* PROBLEM STATEMENT *
Below are records to repeat exactly; do not include any pictures.

(Image-caption web data)
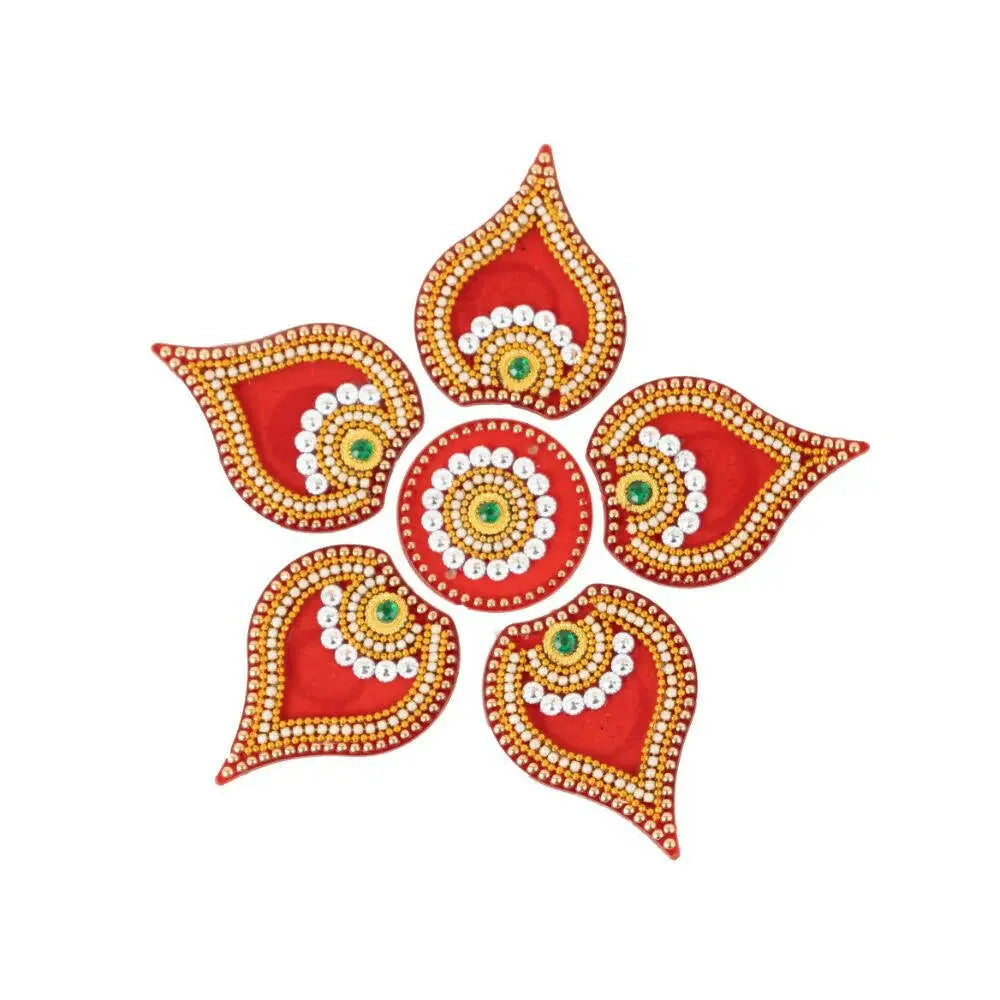 Kundan HandiKrafts Designer Modak Rangoli Red (Baby) - Mytrendzcart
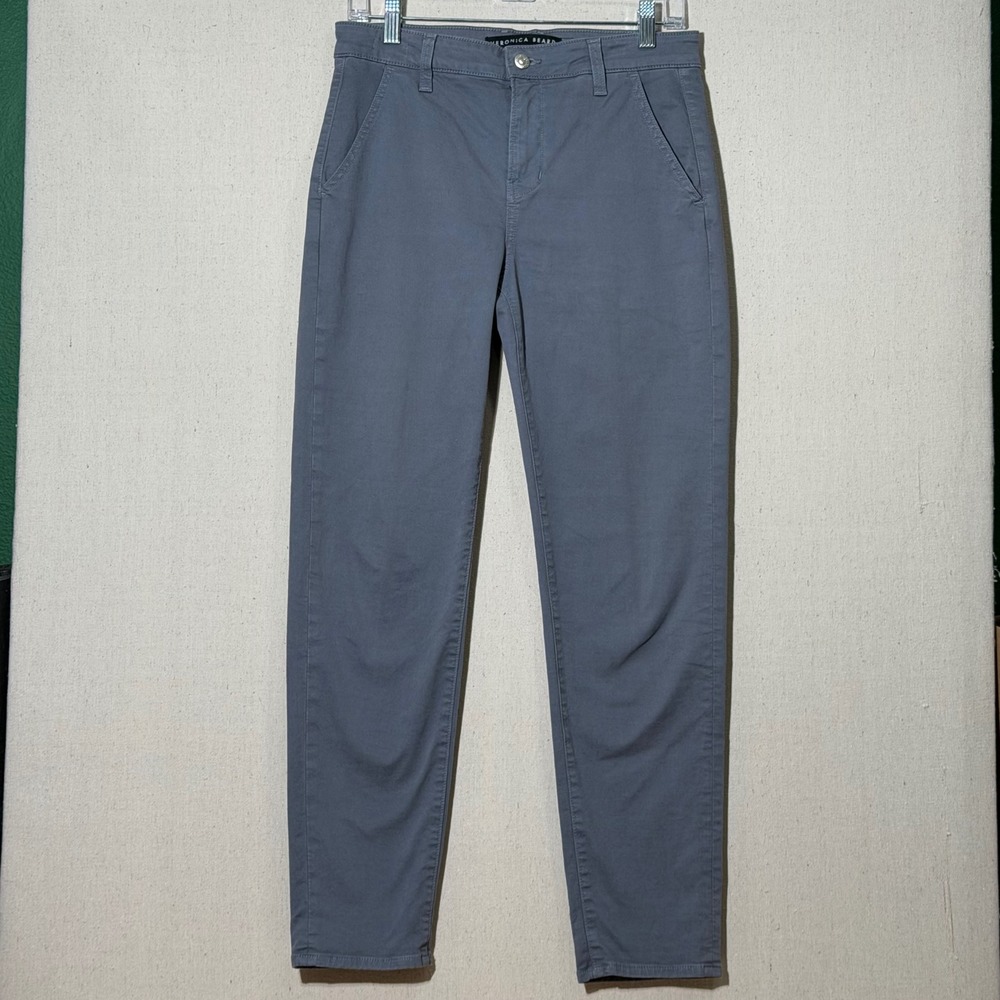 Veronica Beard Ayla Chino High Rise Women 25/0 Slate Gray Slim Trousers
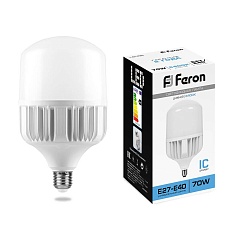 Лампа светодиодная Feron E27-E40 70W 6400K Цилиндр Матовая LB-65 25783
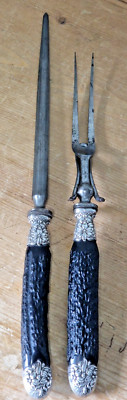 Antike Fleisch Tranchiergabel & Spitzer mit Horngriff Silber Halsbänder & Spitzen
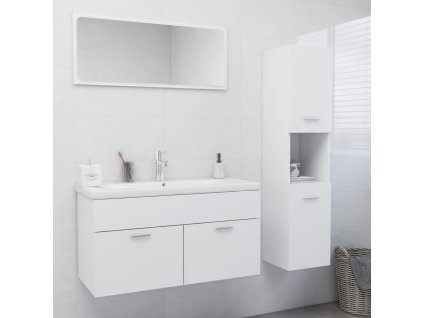 Koupelnová sestava bílá kompozitní dřevo 3071153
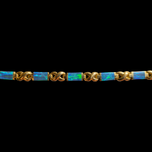 14K Yellow Gold Gilson Opal Inlay Bracelet From Greece 6mm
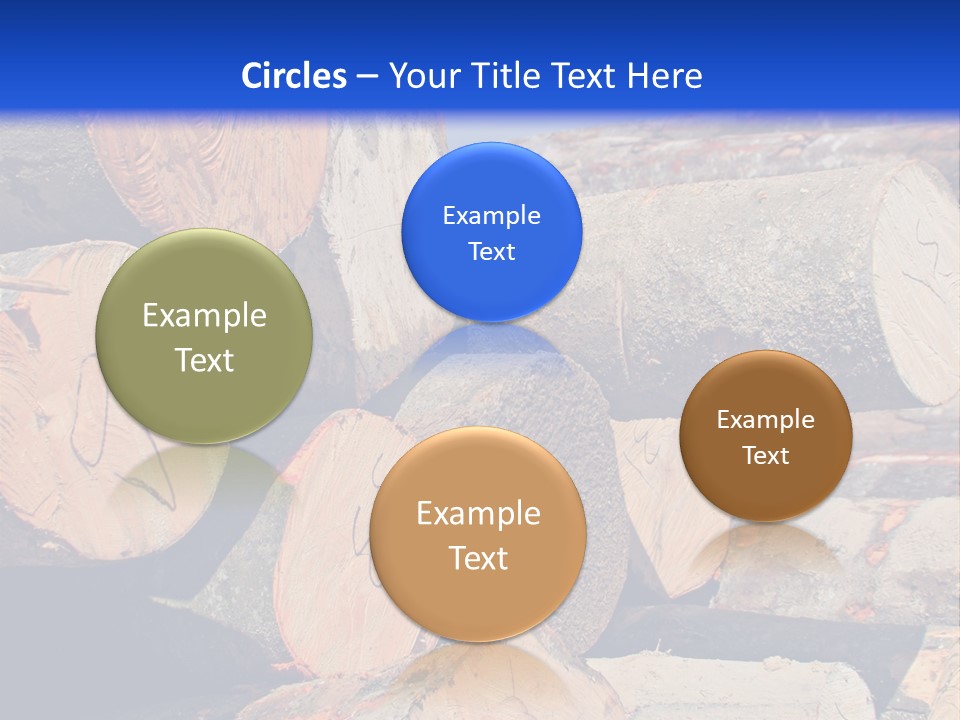 A Pile Of Logs With A Crane In The Background PowerPoint Template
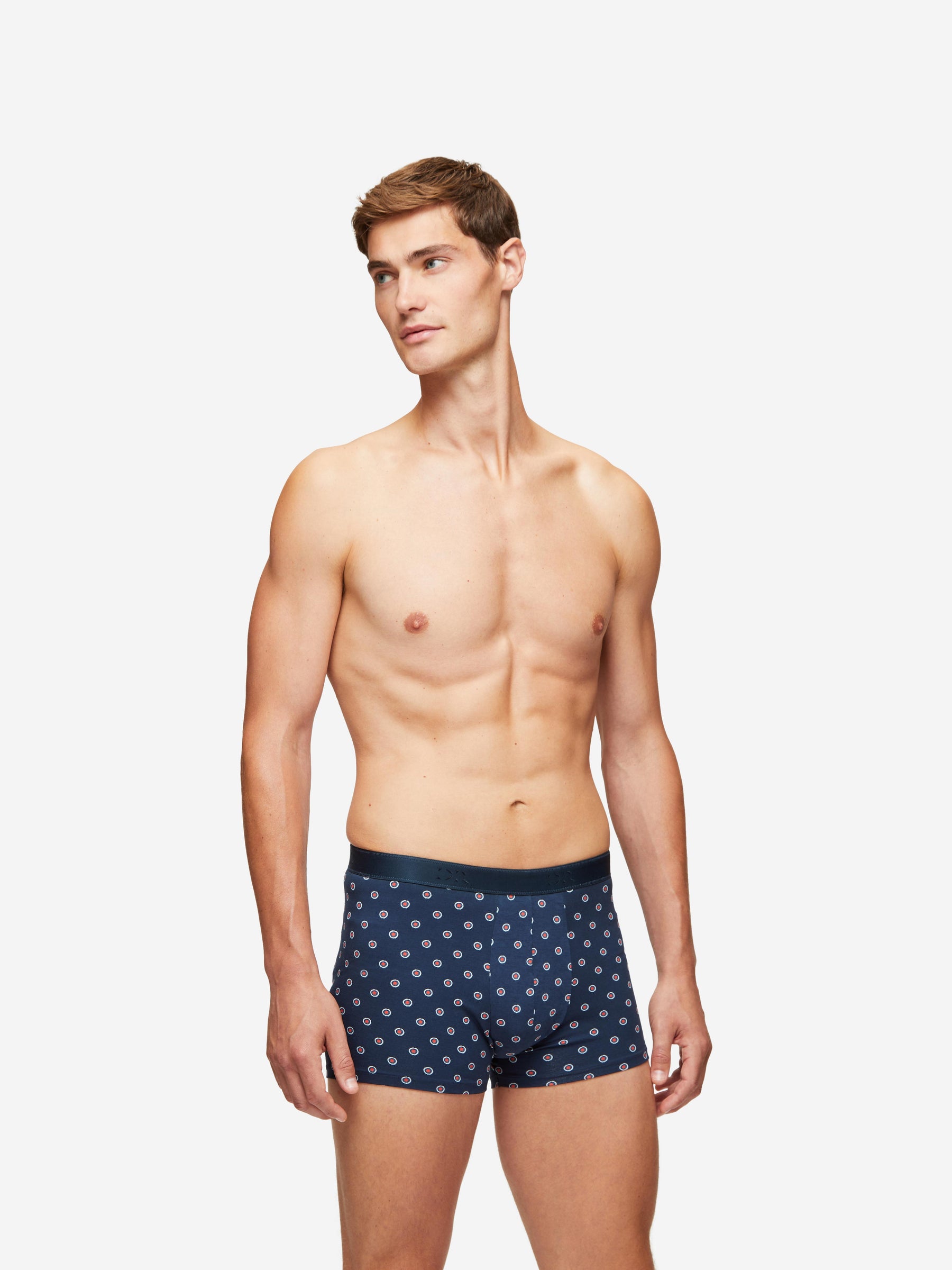 Men's Boxer Briefs Geometric Pima Cotton Stretch 4 Navy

* OUTPUT OF THE TASK *
 Kundan HandiKrafts Designer Modak Rangoli Red (Baby) - Mytrendzcart
 Veronica Beard Ayla Chino High Rise Women 25/0 Slate Gray Slim Trousers
 Лампа светодиодная Feron E27-E40 70W 6400K Цилиндр Матовая LB-65 25783
 Antike Fleisch Tranchiergabel & Spitzer mit Horngriff Silber Halsbänder & Spitzen
 Koupelnová sestava bílá kompozitní dřevo 3071153
 14K Yellow Gold Gilson Opal Inlay Bracelet From Greece 6mm
 A Pile Of Logs With A Crane In The Background PowerPoint Template
 Men's Boxer Briefs Geometric Pima Cotton Stretch 4 Navy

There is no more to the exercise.